The Canadian Association of Journalists (CAJ) issued a statement calling on media to “continue to document police interference and misuses of power, including noting names and badge numbers.”
“Yesterday the RCMP promised to respect media rights, but today they continue to abuse their powers and blatantly disregard the law in a way that is previously unheard of in Canada and unthinkable in a democratic country,” said president Karyn Pugliese in the Saturday release.
The B.C. Civil Liberties Association said it too was “alarmed.”
“We emphasize that even in areas where injunctions are being enforced, the courts have upheld the constitutionally-protected freedom of the press” the organization said in an open letter Thursday.
Unist’ot’en camp’s statement also criticized “use of excessive force by the RCMP, including the unnecessary use of heavily armed tactical teams deployed by helicopters to surround Gidimt’en camp at 44 km, use of snipers, and deployment of K9 units.”
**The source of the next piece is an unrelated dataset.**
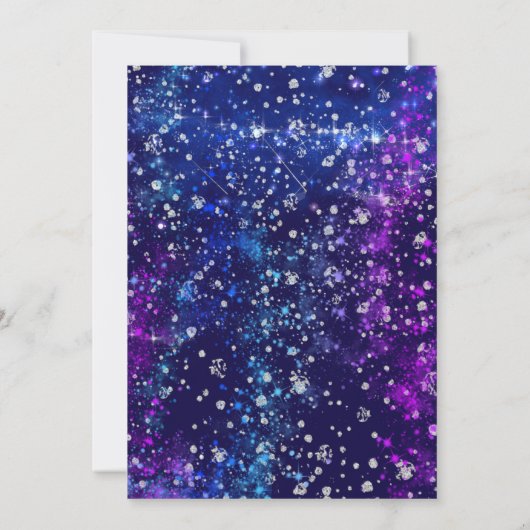 ブルーパーソナライズされた王室の誕生日仮装 招待状 (裏面)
RCMP’s account differs. Police said that, despite the large deployment of officers, “a minimal amount of force was required to support the arrests or removal of individuals from within the exclusion zone.”
APTN asked Manseau to comment on this discrepancy, but he did not respond.
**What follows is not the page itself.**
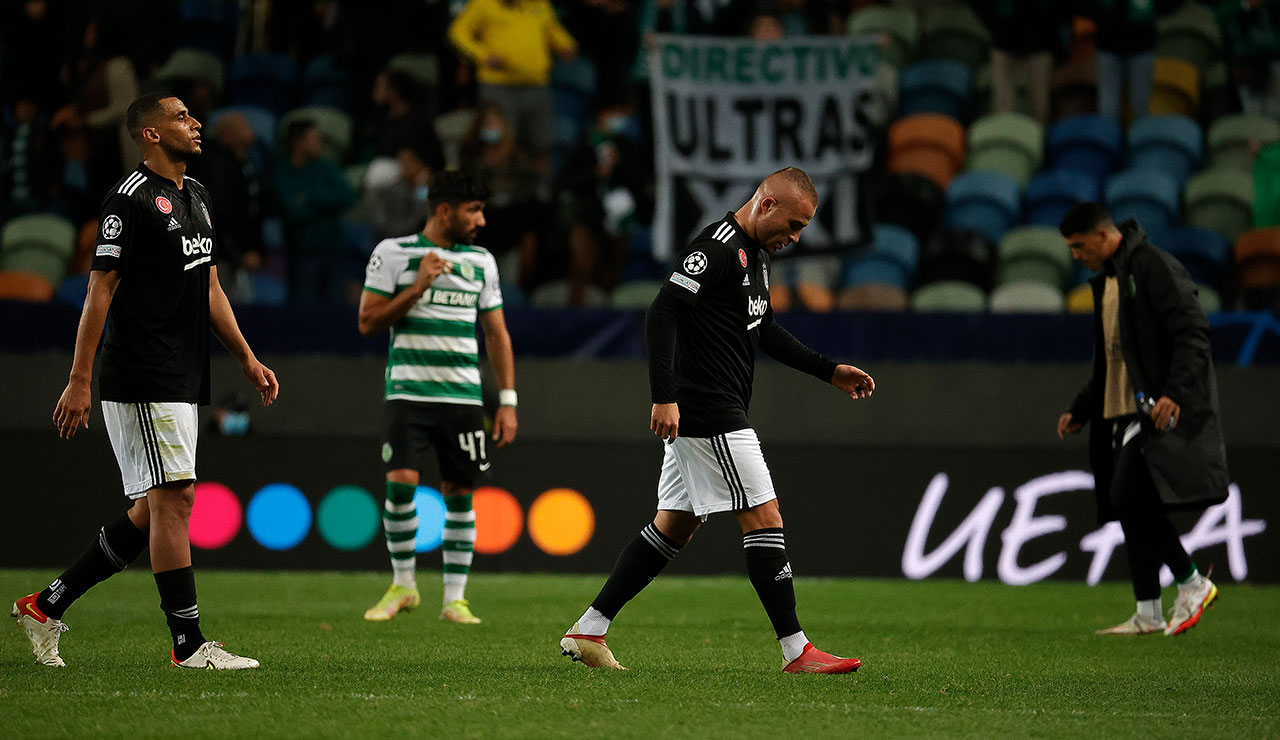 Beşiktaş, Lizbon'da yıkıldı: 4-0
‘Not a protest or demonstration’
On its website, Unist’ot’en camp says it’s “not a protest or demonstration,” but rather a reoccupation of traditional Wet’suwet’en territory.
It claims to be an assertion of “jurisdiction and our inherent right to both give and refuse consent” under precolonial governance systems.
These traditional systems are complex.
The Wet’suwet’en Nation consists of five clans and 13 house groups. There are six Indian Act bands, five of which have signed on to the pipeline.
The feast hall, or potlatch, is the primary institution of governance. It’s where decisions are made and the investiture of hereditary titles takes place.
Under the traditional system, certain hereditary titles confer exclusive territorial rights to the title holder, according to anthropologist Antonia Mills.
Mills was hired by Wet’suwet’en hereditary chiefs in the late nineties to study their traditions and offer expert testimony as part of the case commonly called Delgamuukw.
She argued that some titles are over 5,000 years old.
For instance, Goolaht is “among the world’s oldest recorded continuously held titles to confer exclusive property rights,” she wrote.
The Delgamuukw case concerned the question of Aboriginal title.
However, B.C. Supreme Court rejected Mills’s evidence and the evidence of Wet’suwet’en and Gitxsan chiefs.
In 1991, Judge Allan McEachern ruled Aboriginal title had been extinguished.
The Supreme Court of Canada disagreed. The high court said that Aboriginal title is an ancestral right protected under Section 35(1) of the Constitution. However, a new trial was ordered. It never took place.
Wet’suwet’en have never signed a treaty or ceded their territory to the Crown.
The hereditary chiefs say, under Wet’suwet’en traditional law, the pipeline requires their permission, which they have no plans to grant.
This has created division within the Wet’suwet’en Nation, since five elected governments have signed benefit agreements supporting the project.
APTN has spoken with community members who support the project because of the economic benefits it promises, though the numbers for and against the pipeline are not altogether clear.
When Justice Marguerite Church granted the injunction, she said that even if Wet’suwet’en law did impact Canadian law, it wasn’t clear to her if Wet’suwet’en law had been followed or not.